This load-and-go slow-cooker chicken recipe is perfect for a busy weeknight dinner. Serve this Tuscan-inspired dish with crusty bread, a glass of Chianti and a salad.
Ingredients
- 1 pound dried cannellini beans, soaked overnight and drained (see tip, above)
- 6 cups unsalted chicken broth
- 1½ cups chopped yellow onion
- 1½ cups sliced carrots
- 1 (4-ounce) parmesan cheese rind plus ⅔ cup grated parmesan cheese, divided
- 1 teaspoon finely chopped fresh rosemary
- 1 teaspoon garlic powder
- 1½ teaspoons salt, divided
- 2 bone-in, skin-on chicken breasts (1 pound each)

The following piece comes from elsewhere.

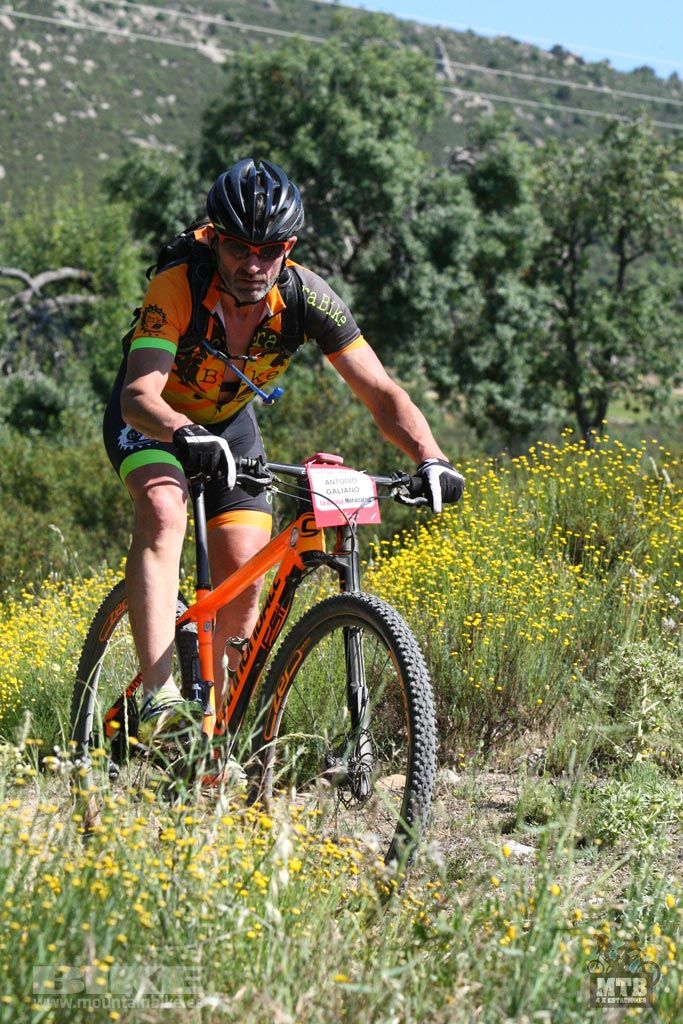 MTB 4 Estaciones La Rocosa 2017. Km 25 Galeria 3
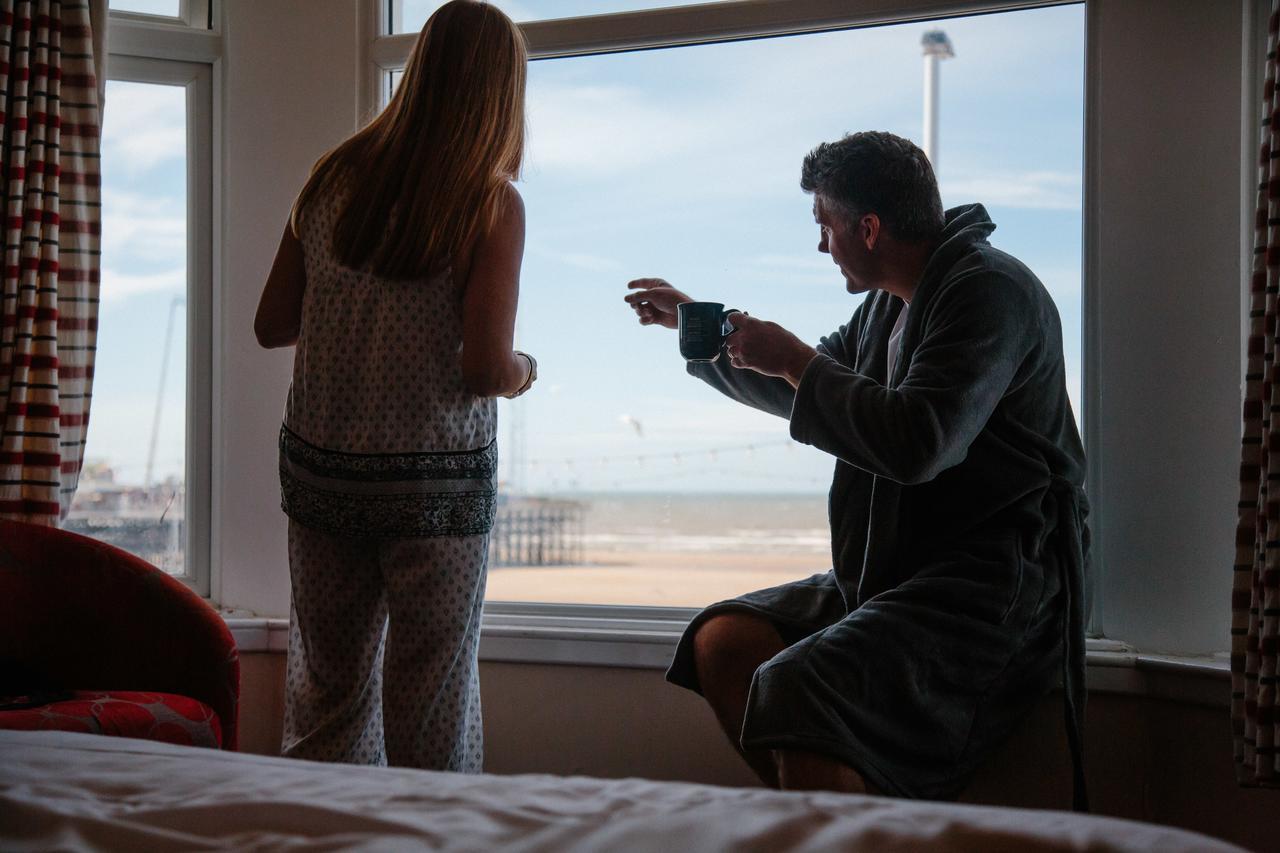 Viking Hotel - Adults Only Blackpool Extérieur photo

- 4 cups chopped stemmed kale
- 1½ tablespoons lemon juice
- ½ teaspoon ground pepper
- 2 tablespoons extra-virgin olive oil
- ¼ cup flat-leaf parsley leaves
Directions
- Combine drained soaked beans, 6 cups broth, 1½ cups onion, 1½ cups carrots, 1 (4-ounce) Parmesan rind and 1 teaspoon each rosemary, garlic powder and salt in a 6-quart slow cooker. Place chicken on top of the mixture. Cover and cook on Low until the beans and vegetables are tender, 7 to 8 hours.
- Transfer the chicken to a clean cutting board and transfer about ¾ cup of the beans to a small bowl; let the chicken stand until cool enough to handle, about 10 minutes. Shred the chicken, discarding skin and bones. Mash the beans with the back of a fork until creamy.
- Meanwhile, stir 4 cups kale into the mixture in the slow cooker. Cover and cook on High until the kale is tender, 10 to 15 minutes.
- Return the chicken to the slow cooker and stir in the mashed beans, 1½ tablespoons lemon juice, ½ teaspoon pepper and the remaining ½ teaspoon salt. Discard the Parmesan rind. Divide the stew among 8 bowls; drizzle with 2 tablespoons oil and sprinkle with ⅔ cup Parmesan and ¼ cup parsley.